In 2000, her grandson, California resident Claude Cassirer, learned the painting was on view at the Thyssen-Bornemisza Museum. Born in 1921, he had memories of the Pissarro hanging at his grandmother’s apartment—and a photograph to prove it, according to the San Diego Union-Tribune. When he contacted Spain’s culture ministry, officials decided against returning the work. Claude filed a lawsuit in 2005.

The high-profile case has since taken a circuitous journey through the legal system. Following Claude’s death in 2010, the case has been managed by his son, David, his daughter, Ava (who died in 2018), and the United Jewish Federation of San Diego County.

The central question for the courts was whether to apply Spanish law or California law. Under Spanish law, as long as the museum acquired the painting in good faith and was unaware of the theft, it would retain ownership. California law, however, would require the painting’s return.

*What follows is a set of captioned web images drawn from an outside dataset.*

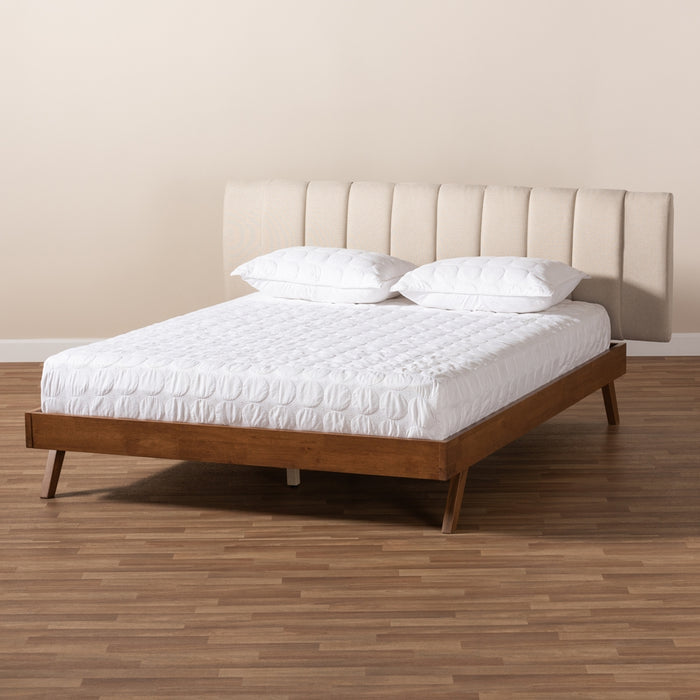 Brita Mid-Century Wood Bed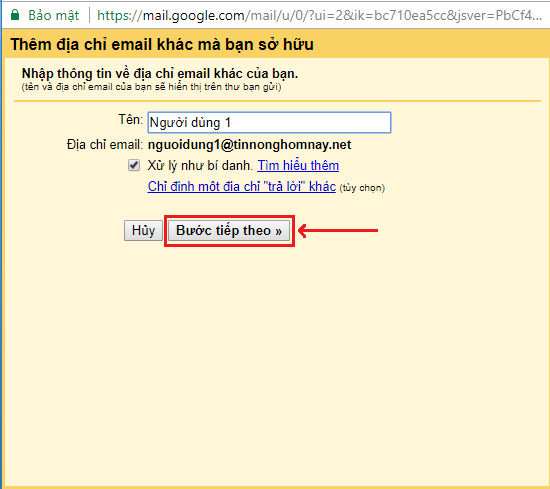 Hướng dẫn cài đặt kết nối email tên miền vào tài khoản Gmail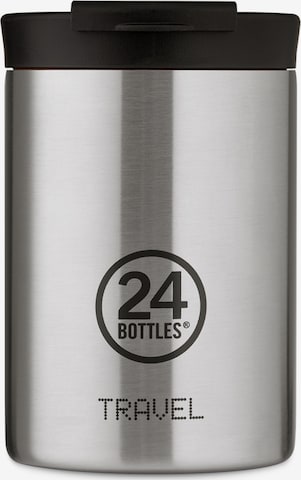 Gourdes 'Travel Tumbler Basic 350' 24Bottles en argent : devant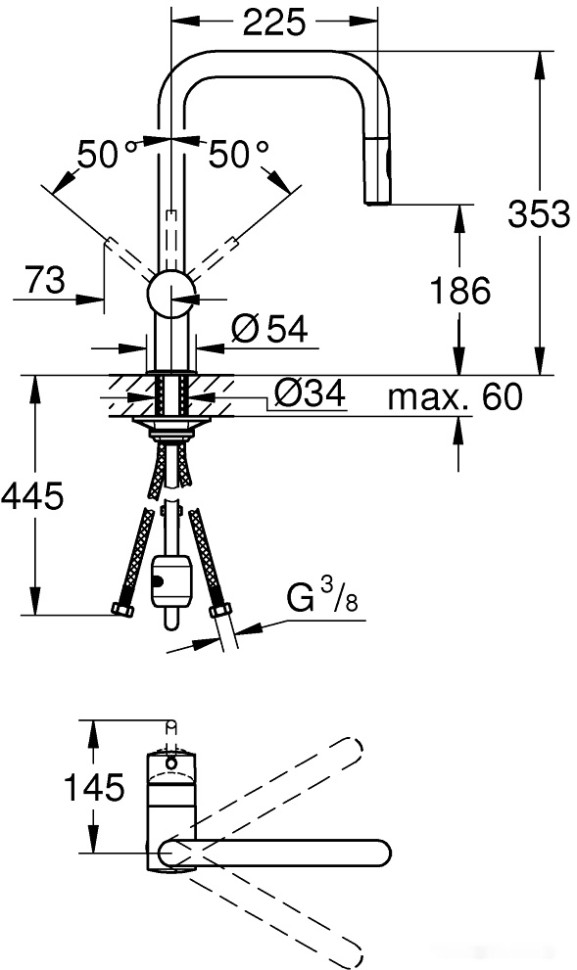 Смеситель Grohe Minta 32322002 (хром)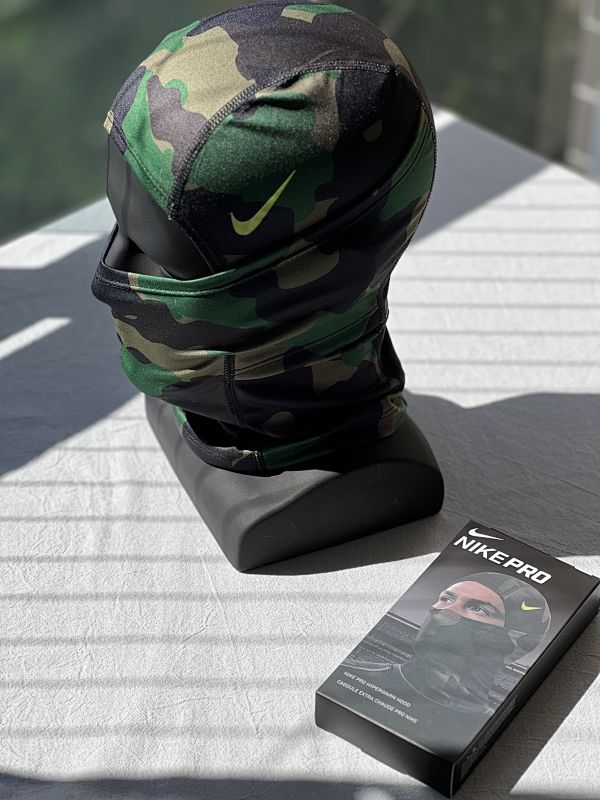 Nike Pro Hyperwarm Hood Balaclava Camo Print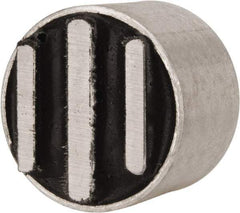 Mag-Mate - 1/4-2 Thread, 1" Diam, 3/4" High, 7.75 Lb Average Pull Force, Neodymium Rare Earth Pot Magnet - Aluminum Insulated - Top Tool & Supply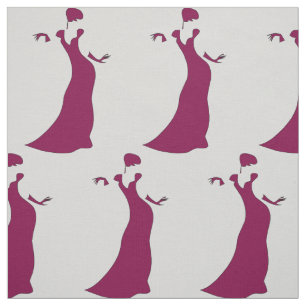 Elegant lady sillouette fabric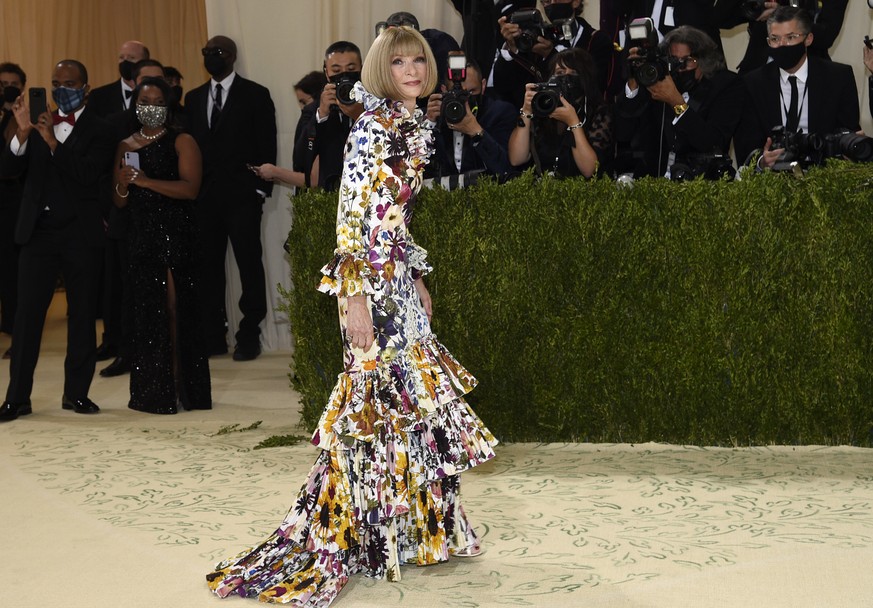 Anna Wintour attends The Metropolitan Museum of Art's Costume Institute benefit gala celebrating the opening of the "In America: A Lexicon of Fashion" exhibition on Monday, Sept. 13, 20 ...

Lower courts initially ruled in favor of the museum, concluding the case should be determined by Spanish law. The U.S. Supreme Court ultimately took up the case, sending it back to the Ninth Circuit in 2022.

Last week, the federal appeals court ruled that Spanish law applied. While the decision was unanimous, one judge, Consuelo Callahan, wrote in a concurring opinion that Spain should have “voluntarily relinquished” the painting, even though it was under no legal obligation to do so. “Sometimes our oaths of office and an appreciation of our proper roles as appellate judges require that we concur in a result at odds with our moral compass,” she wrote. “For me, this is such a situation.”

In a statement, the family’s attorneys say they were dismayed by the decision, which “fails to explain how Spain has any interest in applying its laws to launder ownership of the spoils of war, a practice outlawed in the Hague Convention of 1907, and a series of other international agreements joined by Spain for over a century,” per the L.A. Times. Meanwhile, the museum’s attorneys say that the court’s decision was “a welcome conclusion to this case.”

The family plans to keep fighting, and the Cassirers’ lawyers say they will seek a review by an 11-judge Ninth Circuit panel.

Last week’s decision “gives a green light to looters around the world,” say the family’s lawyers. “The Cassirers believe that, especially in light of the explosion of antisemitism in this country and around the world today, they must challenge Spain’s continuing insistence on harboring Nazi-looted art.”